Non so nemmeno da dove iniziare.
Buongiorno cara Silvia. È un buon inizio credo.
Ho quasi 50 anni, 20 dei quali passati a fare la mamma di tre incredibili ragazzi. Nonostante i miei innumerevoli errori, sono ora persone che hanno trovato il senso della loro vita e mi stupisco ogni giorno della fortuna che ho avuto. Ma ora sono qui. Un po’ persa. È da molto tempo che osservo questa mia vita che sembra essersi assottigliata, un po’ timorosa di farsi vedere, di uscire a guardare il mondo che vive.

Non lavoro da 20 anni. Da 20 anni non porto uno stipendio a casa. Da 20 anni mi porto dentro il senso di colpa. Ieri mi sono sentita dire da mio marito che non mi aiuta nei lavori di casa o in giardino o qualsiasi cosa riguardi la casa perché non lavoro e questo è il mio compito. Lui ha il suo lavoro fuori casa. Io il mio. Ora mi trovo ferita e confusa. Vorrei trovare un lavoro fuori casa pur di non sentirmi più dire queste cose. Ma non è facile. Ho paura. Mi sento immersa nell’acqua in balía delle onde mentre guardo mio marito che rema tranquillo sulla sua barca. E non so dove sta andando. Un abbraccio. / Serena

Cara Serena, 
suo marito conserva, fuori tempo massimo, una visione del mondo in generale e del matrimonio in particolare che ha funzionato per secoli. Sino agli anni Sessanta la formula: lui lavora fuori casa e mantiene la famiglia, lei sta a casa, cresce i figli e si occupa dell’amministrazione domestica, sembrava il modo migliore di vivere insieme. Ma quasi all’improvviso, nel decennio successivo, quel modello incomincia a presentare delle crepe.

Nell’economia post moderna, un solo stipendio inizia a risultare insufficiente e le giovani donne, acculturate come non era mai successo prima, ambiscono a una esistenza più ricca e articolata, capace di rispondere alle loro potenzialità e alle loro aspettative. 

Ma nella vita non esiste una ricetta valida per tutti. L’ideale sarebbe poter scegliere la soluzione più adeguata ai propri desideri.
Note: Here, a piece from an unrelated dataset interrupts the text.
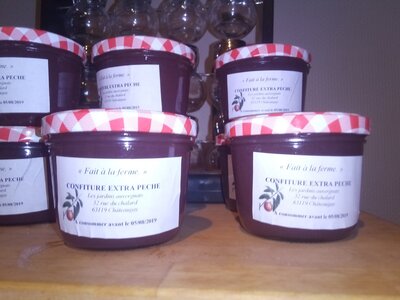 Confiture extra pêche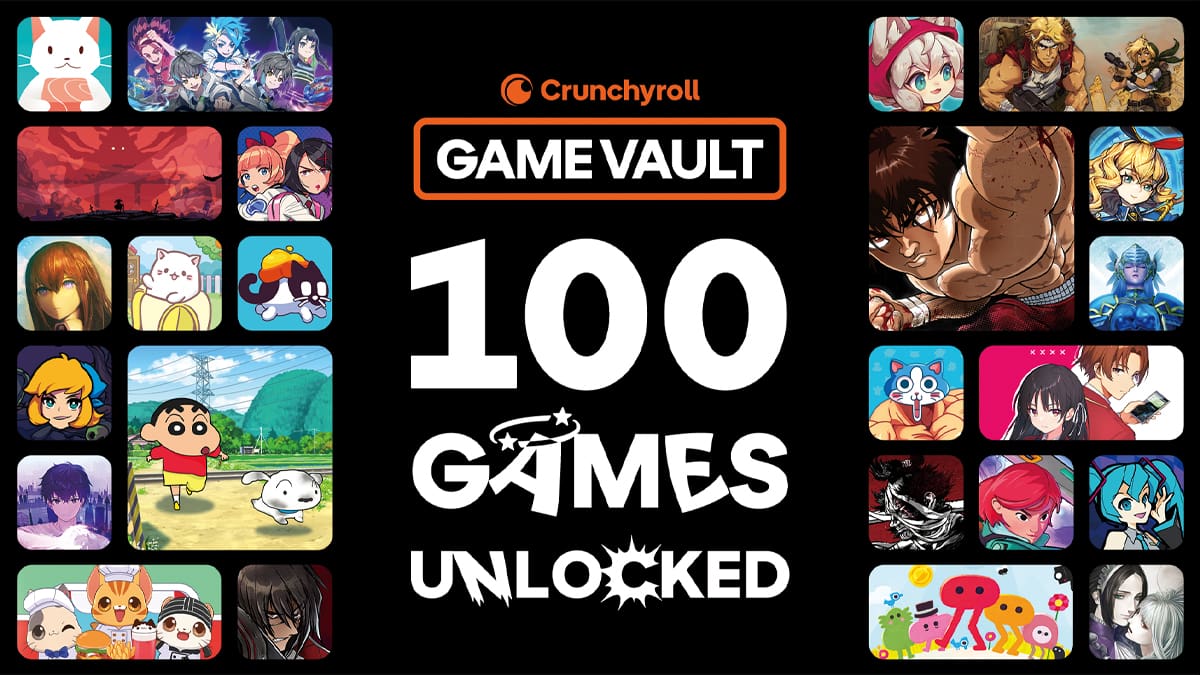 Crunchyroll Game Vault 100 juegos gratis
E mi sembra che la possibilità di crescere i figli con la massima disponibilità sia stata, nel suo caso, un’ottima soluzione. Molte donne che lavorano riconoscono, con dolore, che il tempo concesso ai figli è insufficiente e vorrebbero vivere come lei. 

Solo adesso infatti, quando è subentrata la fase del «nido vuoto», sente il bisogno di uscire di casa e di svolgere una occupazione retribuita. Comprendo questa nuova esigenza ma non vorrei che fosse indotta dall’atteggiamento sprezzante di suo marito. Le vere motivazioni nascono dentro di noi, non per reazioni alle accuse altrui.

Probabilmente anche suo marito sta affrontando un momento di crisi. Non sentendosi più indispensabile come padre, vorrebbe ottenere un riconoscimento per tutto quello che ha fatto in precedenza per lei e per i vostri figli. Purtroppo il sesso forte è affettivamente il più debole: non sa accettare la propria fragilità, esprimere i propri desideri, chiedere aiuto e conforto.

Ma non credo che suo marito intenda ferirla, le sue recriminazioni esprimono piuttosto un crollo della sua autostima e un bisogno di valorizzazione.

Fermatevi un momento a riflettere sulla stagione della vita che state attraversando. Se guardate indietro vedrete gli ottimi risultati raggiunti nel crescere tre ragazzi forti e sereni. Se guardate avanti scoprirete con meraviglia che vi attendono tante possibilità. La libertà che ha raggiunto le offre una seconda giovinezza. Per sentirsi attivi non è necessario un lavoro retribuito. Probabilmente gli impegni familiari l’hanno costretta per molti anni a rimandare viaggi, interessi culturali, sport, incontri con le amiche. Perché non recuperare il tempo perduto, le occasioni accantonate?

Tra le varie possibilità di autorealizzazione porrei anche il volontariato. Non c’è niente di meglio che aiutare gli altri per aiutare se stessi. 

Pensi infine che, in futuro, il pensionamento di suo marito vi consentirà di fare molte cose insieme. Vi attendono esperienze avvincenti, da progettare e preparare sin d’ora. 

Come scrive Oscar Wilde: «se la felicità fosse un palazzo, la stanza più grande sarebbe la sala d’attesa». Una sala in cui proietterei anche i nipoti che verranno. La «nonnità» è una promessa di gioia che non si può pretendere ma che vale la pena di attendere. Se il passato è una narrazione, il futuro è un sogno da svegli. Non manchi questa risorsa.